Location
- Country: United States
- State: West Virginia

Physical characteristics
- • location: near Sumerco, WV
- • coordinates: 38°13′47″N 81°55′25″W﻿ / ﻿38.22972°N 81.92361°W
- Mouth: Trace Fork
- • location: near Garretts Bend, WV
- • coordinates: 38°17′34.2″N 81°55′06.0″W﻿ / ﻿38.292833°N 81.918333°W
- Length: 5.5 mi (8.9 km)

= Joes Creek =

Tributary in West Virginia

Joes Creek is a 5.5 mi secondary tributary (via Trace Fork) of the Mud River, in Lincoln County in the U.S. state of West Virginia. The stream is located in eastern Lincoln County and lies 4.4 miles from Tornado. Through Trace Fork, the Mud River, the Guyandotte River, and finally the Ohio River, it is part of the watershed of the Mississippi.
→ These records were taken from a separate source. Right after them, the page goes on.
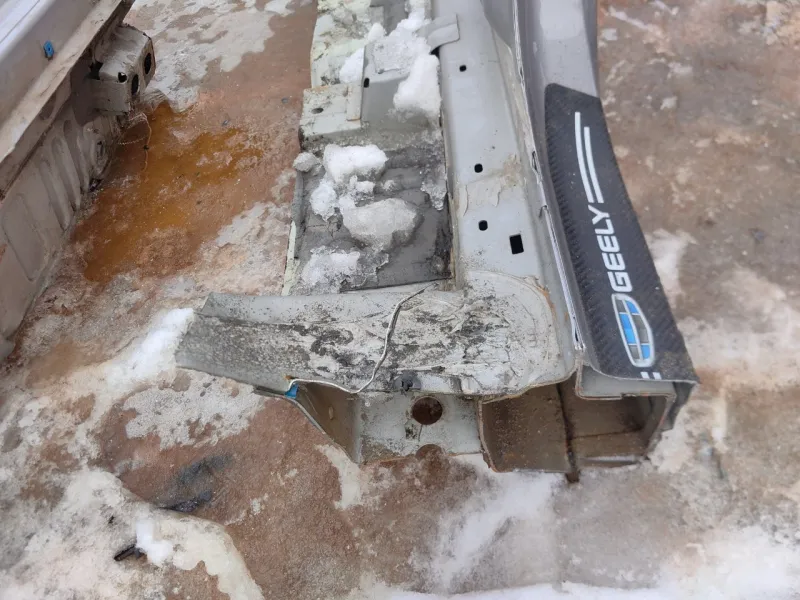 Порог с центральной стойкой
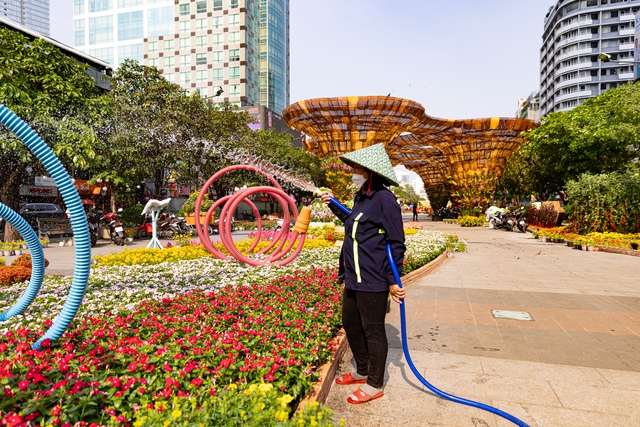 Cận cảnh nàng Tỵ cao 10 mét đội nón lá trên đường hoa Nguyễn Huệ, được mệnh danh là &quot;trùm cuối&quot; linh vật 2025 - Ảnh 13.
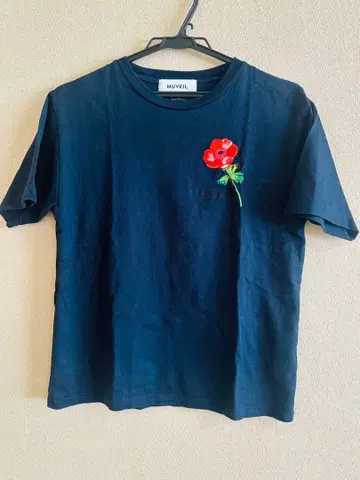 MUVEIL 뮤베일 꽃 자수 T셔츠 네이비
Joes Creek rises in Sumerco, mostly from runoff from Sumerco Mountain, and is fed by a smaller stream known as Laurel Fork. It flows mostly northward, eventually flowing into Trace Fork from the southeast, 0.8 mi from Garretts Bend. The upper portion of the stream was historically referred to as Williams Fork but is no longer common usage.